The Quotable Time Patrol III

Poul Anderson, Time Patrol (New York, 2006); The Shield Of Time (New York, 1991).

The proposed "Quotable Time Patrol" volume would need a mythological section:

"By day Niaerdh roamed among the seals and whales and fish she had made." (TP, p. 467)

"Out of the east, the morning behind them, rode the Anses into the world." (TP, p. 557)

"Niaerdh was in [the waves] with dread and blessing." (TP, p. 583)

"Pure as yourself, your evenstar shines above the sunset. Guide us by your light...Ave Stella Maris!" (TP, p. 640)

The volume would need to illustrate these quotations with images of a sea goddess, a sky pantheon and the Mother of God. The goddess and God's Mother share the evening star.


"'...think of the countless world lines intermeshed throughout the continuum as a spiderweb. A touch on one strand trembles through many...There are occasions when we know only that the web is troubled, not where or when the source of the disturbance lies; for that source perhaps does not exist in our yet, our reality. We can only try to trace it back up through the threads -' He broke off." (ST, p. 135)
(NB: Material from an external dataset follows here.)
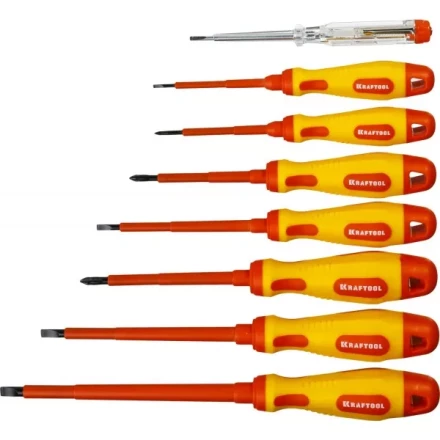 Набор высоковольтных отверток "Х-Drive ELECTRO", SL: 2,5, 4; 5,5; 6,5, PH: № 0, 1, 2, пробник, до 1000В, KRAFTOOL 250088-H8 купить в Нягани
Dramatically, that is an appropriate place to break off. How creative to use the word "...yet..." as a noun. If the Patrol traces a disturbance through the threads and does not break off, then the most that they can find is an apparently uncaused event, which could be the arrival of a time traveler who has set off neither from any moment earlier than his arrival nor from any moment later than it. He is from another yet.

In the Upanishads, a spider and his web are one image for the Absolute and the universe so this quotation, appropriately illustrated, might also belong in the mythological section.